Fundamental Analysis

To analyze situations on a macroeconomic scales, investors use a technique called fundamental analysis. This technique includes international economic indicators such as interest rates, productivity, energy prices, inflation, and GDP growth rates. Investors could also use the technique to analyze the supply versus demand for global gold. The World Gold Council performed a survey and have found that during the year 2005, the supply for gold was 3859 tonnes and the demand was 3,754 tonnes. Which resulted with a surplus of 105 tonnes. There is a reason that makes gold like no other commodity, it is because the supply and demand due to private ownership is very liquid able and is prone to rapid changes. On top of that, gold production is unlikely to change in the near future. The number of investments in gold has increased by 64% in 2014. The increase includes gold bars and coin, and traded funds.

Gold versus Stocks

Gold and stocks are known for their fundamental differences and are often compared with each other. Gold and Stocks are often defined by two characteristics, gold is known as a store of value which means there is no growth, and stocks are known as a return on value which is growth from anticipated real price increase plus dividends. Unlike Gold, stocks are best invested in a calm and stable political climate with strong property rights and small disturbances. An excellent example is shown in the graph below for Dow Jones Industrial Average divided by the price of an ounce of gold. The appreciation of stocks since 1800 were primarily due to the stable American political system. However, the same could not be said about gold. The price of gold peaked in 1980 where the Dow Industrials plateaued at a ratio of 1:1 with gold, and continues to grow until the 1990’s. Coincidently, the invasion of Afghanistan by the Soviet Union and the world threat of spreading communism was occurring at the same time. However, the growth did not continue past January 14, 2000 where it peaked at 41.3 and has been decreased ever since.

Thomas Sowell put up an argument in his Basic Economics book that gold will not hold its value against stocks and bonds in the long term. His main reason being, gold had a higher volatility when compared to stocks and bonds.

If you would compare the value of $1 worth of bonds to $1 worth of gold in 1801 to 1998, the gold would be worth 78 cents while the bonds would be worth close to a thousand dollars. A more extreme example would be to compare $1 worth of stocks, in 1998 it would be worth millions of dollars.

Technical Analysis

A common method for making investment decisions for gold investors is to use technical analysis.
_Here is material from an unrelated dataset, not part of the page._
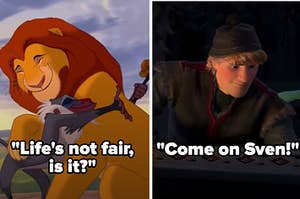 "The Lion King" with the quote "Life's not fair, is it?" and "Frozen" with the quote "Come on Sven!"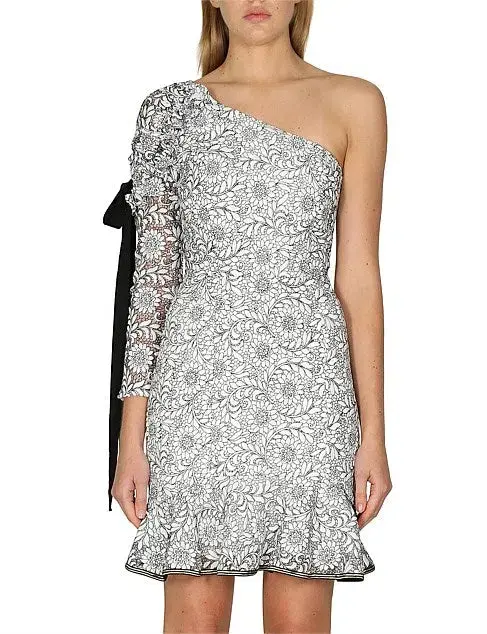 Rebecca Vallance Sophia One Shoulder Dress White Floral Size 8 for rent on The Volte - main image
A technical analysis can include market trends, the economic cycle, moving averages, analysing chart patterns, all in an effort to predict the future price of gold.

Using Leverage

Some investors make risky investments where they use loaned funds to invest in gold or even use their existing assets to purchase gold. Despite the fact that leverage is an important part of purchasing gold derivatives and unhedged gold mining company shares, leveraging can bring gains but can also increase the risk of capital loss if there is a lack of growth.

Taxation

The taxation on gold provides a unique position in the market. The European Union implemented a rule that any trading involving gold coins and bullion products were to be free of VAT. Other commodities such as silver or other precious metals are not free of VAT.  However, there are capital taxes that could apply depending on their tax residency.

With the growing Gold market, Gold brings its own share of dishonest and deceitful transactions:

Cash for Gold

A very common method for liquidating gold for a low price. These companies have popped up all over the world with the recession in 2007-2010 where the price of gold increased. These companies provide cash in exchange for personal gold accessories or products, and some may even offer investments in gold bullions and coins. They usually use marketing plans that have massive returns and use spokesman like vice presidents. The main reasons for fraudulent activity is the fact that these companies are often involved with stolen gold where the ownership is not verified, and some Cash for Gold companies even launder money for terrorists. Many of them are also under investigation for securities fraud claim.

High yield investment programs

These types of programs are usually a sugar coated pyramid scheme that have no real return. They use gold to make themselves seem more legit and trustworthy.

Advance Fee Fraud

A more advanced form of fraud where someone mass emails people on the internet looking for buyers or sellers of up to 10,000 metric tonnes of gold. These emails will commonly use fluffed terms such as ‘Swiss Procedure’ or ‘Full Corporate Offer’ to lure middlemen as brokers.